It’s important to eliminate (or at least minimize) credit card debt. But, at the same time, use your credit cards to establish good credit!
Ideally, credit cards should just be a source of liquidity for you to make purchases between your paychecks. Successful investors will not continuously maintain a credit card balance.
Look at the annual rate you are paying on your balances: 12.9 … 15.9 … 20.9%!? You will be hard-pressed to find a better investment opportunity available to you than discontinuing these interest costs by paying off your credit cards. Don’t let these balances continue to linger around due to high-interest rates … pay them off ASAP!
In some cases, you will need to run a credit card balance for a few months so you can buy a new computer or appliance that you can’t pay off in one month, but track it in your budget that you want to pay it off within 3-4 months.
Getting out of debt after a holiday season is never easy, so the best way to solve the problem going forward is to resolve to not get into debt next year. Set a holiday budget for 2020 in January to include all gifts and expected travel expenses, and open a separate savings account used exclusively for the holiday season, and fund the full year budget in advance with monthly deposits. This way next year you have no credit card debt incurring interest expenses that you are paying off looking backwards, and you can resume saving for the subsequent year all over again, but this time starting off debt-free.
Those that repeatedly incur debt during the holidays may need to make the difficult decision to significantly downsize their holiday budgets so that they can prioritize their own longer term finances.

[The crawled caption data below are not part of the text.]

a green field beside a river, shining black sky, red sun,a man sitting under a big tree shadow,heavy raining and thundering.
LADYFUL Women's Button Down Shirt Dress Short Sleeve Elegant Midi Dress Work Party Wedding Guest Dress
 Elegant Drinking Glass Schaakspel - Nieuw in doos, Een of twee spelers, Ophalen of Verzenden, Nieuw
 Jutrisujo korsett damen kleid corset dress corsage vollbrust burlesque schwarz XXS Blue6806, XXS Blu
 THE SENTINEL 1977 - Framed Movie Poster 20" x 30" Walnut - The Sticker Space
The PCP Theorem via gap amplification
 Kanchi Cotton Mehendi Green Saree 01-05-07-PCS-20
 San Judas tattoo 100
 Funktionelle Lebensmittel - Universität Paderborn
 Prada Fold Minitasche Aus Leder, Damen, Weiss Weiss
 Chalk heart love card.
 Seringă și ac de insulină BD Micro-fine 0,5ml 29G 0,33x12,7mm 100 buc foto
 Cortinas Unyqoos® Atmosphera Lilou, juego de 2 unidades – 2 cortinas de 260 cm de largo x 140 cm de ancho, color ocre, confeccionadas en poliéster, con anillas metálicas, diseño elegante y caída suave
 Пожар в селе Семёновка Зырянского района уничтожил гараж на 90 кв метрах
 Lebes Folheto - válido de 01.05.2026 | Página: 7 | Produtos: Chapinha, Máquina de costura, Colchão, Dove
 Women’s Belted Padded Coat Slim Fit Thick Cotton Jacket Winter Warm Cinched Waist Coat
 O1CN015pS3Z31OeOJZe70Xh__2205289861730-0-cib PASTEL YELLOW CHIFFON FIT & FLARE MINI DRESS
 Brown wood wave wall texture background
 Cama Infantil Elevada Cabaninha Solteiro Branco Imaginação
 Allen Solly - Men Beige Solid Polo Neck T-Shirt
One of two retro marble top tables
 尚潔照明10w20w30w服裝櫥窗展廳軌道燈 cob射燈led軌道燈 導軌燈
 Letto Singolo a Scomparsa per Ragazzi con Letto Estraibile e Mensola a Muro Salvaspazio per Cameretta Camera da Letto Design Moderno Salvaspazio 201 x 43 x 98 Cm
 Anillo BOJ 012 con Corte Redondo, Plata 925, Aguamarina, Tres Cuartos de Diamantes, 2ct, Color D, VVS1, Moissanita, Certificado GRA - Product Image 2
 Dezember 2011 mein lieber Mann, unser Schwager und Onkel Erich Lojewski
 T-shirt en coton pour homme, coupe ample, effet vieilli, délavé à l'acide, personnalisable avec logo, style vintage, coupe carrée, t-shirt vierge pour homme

Financial Advisors unfortunately sometimes need to assume the role of the Christmas Grinch, where we need to counsel clients that their spending goals are beyond their means and are detrimental to their longer term retirement goals.
Also, consider the value of the gift you are giving to your child. In 15 years, will your 5 year old remember the $500 in presents given to them? Or at age 20 would they better appreciate most of that gift budget having been contributed to a 529 college savings account each year to grow tax-free for their college expenses?
To solve the current year’s debt burden consider implementing a “travel and restaurant ban” where you don’t take any trips or eat out until the credit card balance is paid off in full. Any leisure spending while you still have credit card balances could have been used to pay down your credit card bill that is accruing 15-20%+ in annual interest charges, so all discretionary spending done in the interim essentially comes with that added cost.